Filmin verdiği açıya göre değişecek sempati. Eğer ki baş rol kötüyse sempati ve hayranlık duyulabilir çünkü iyilik ve kötülük kişiye olaya göre değişen bir kavramdır. Gerçek hayatın kurgusal yansımasıdır filmler. Bundan size iyi gelen bir durum bir başkası için kötü bir sonuç doğurabilir. Filmlerde de bakış açısı evrilerek kötü karaktere sempati duyulması sağlanır. Bir seri katilin hikayesinin anlatıldığı bir filmde seri katile sempati duymak hayranlık beslemek olağandır.
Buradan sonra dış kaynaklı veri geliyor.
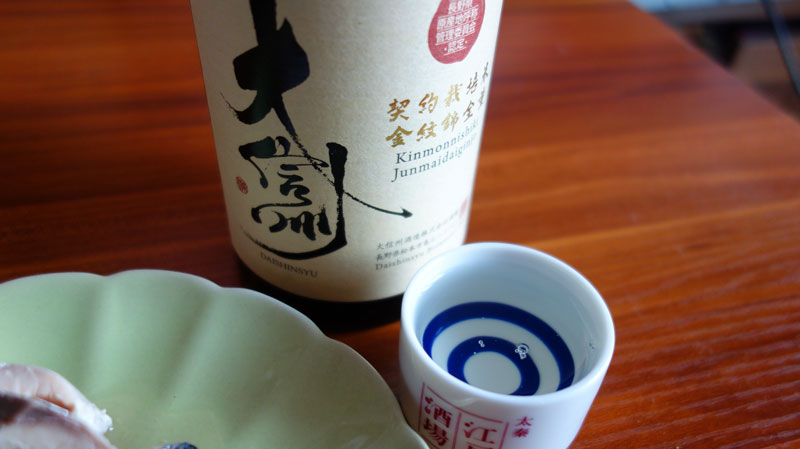 鯖缶にお酢をかけてわさびを添えて日本酒と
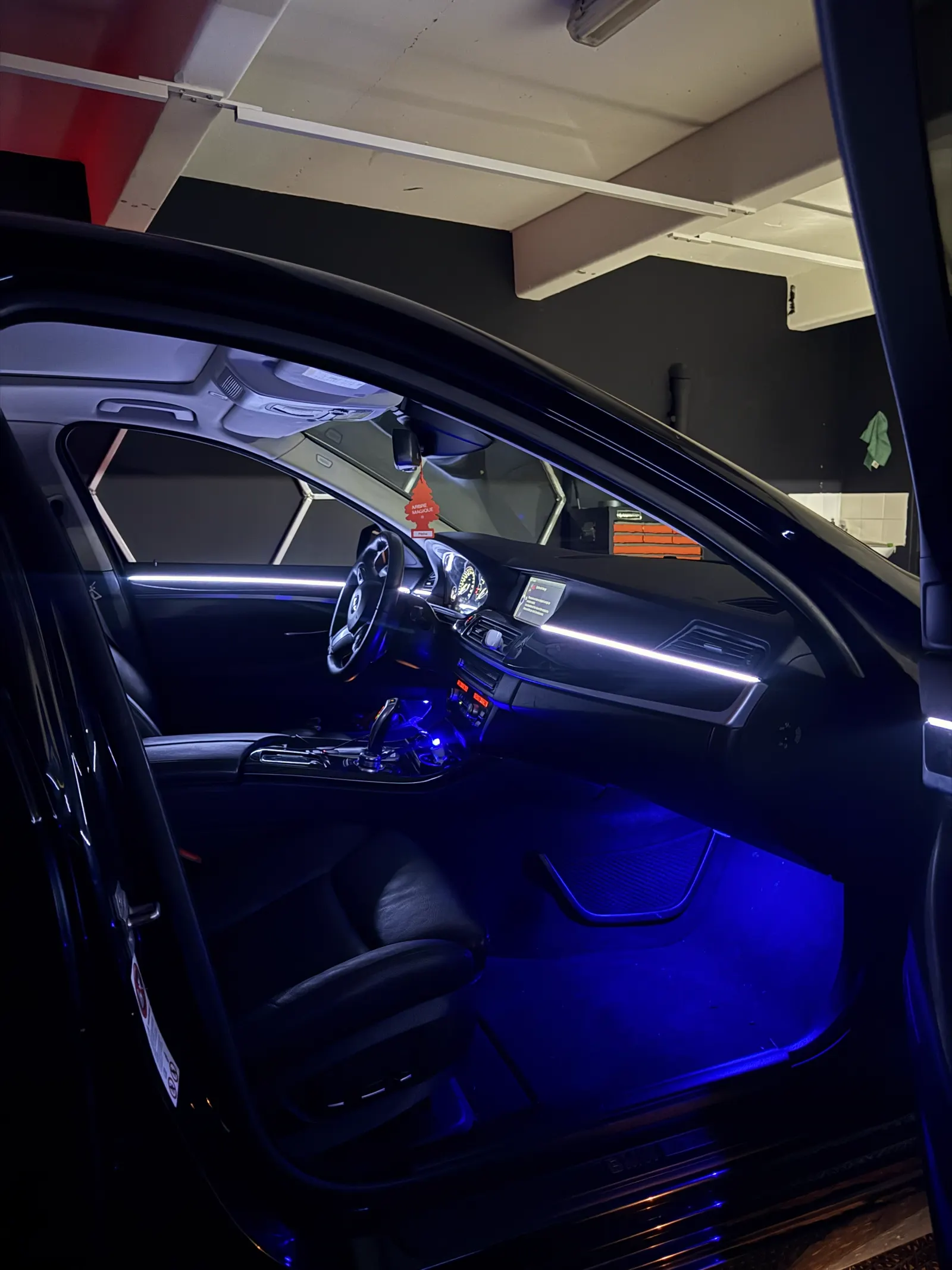 BMW Série 5, LED d'ambiance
Hatta karındeşen jack in öldürdüğü insanlardansa karındeşen sevilir. Çünkü merak kurbanda değil katilde yoğunlaşır.
Yahut film kalitesiz ve karakterler aptallık sınırını zorluyorsa yine kötü rol daha çekici gelir.
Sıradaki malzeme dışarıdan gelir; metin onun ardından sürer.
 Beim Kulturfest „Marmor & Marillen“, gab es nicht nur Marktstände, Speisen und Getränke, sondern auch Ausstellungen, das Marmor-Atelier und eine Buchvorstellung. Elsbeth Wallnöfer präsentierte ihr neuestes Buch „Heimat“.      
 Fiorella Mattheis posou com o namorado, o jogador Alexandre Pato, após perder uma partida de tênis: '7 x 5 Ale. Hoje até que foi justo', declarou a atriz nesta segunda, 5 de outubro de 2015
Hitleri yeren bir filmde hitlerden nefret edip, hitleri daha yumuşak hatlarıyla veren bir filmde hitlerden hoşlanabilirsiniz.
Yani bu biraz zihni parçalamak gibi. iyiyle kötüyü karıştırmak.
Dövüş kulübü, gemide, otomatik portakal... örnekler çoğalır.
Dizileri ele alırsak suç ögesi taşıyan karakterler sevilebilir ki bir döneme damgasını vuran kurtlar vadisi buna örnek oradaki o mafya adamlarının sevildiği özenildiği aşikardı.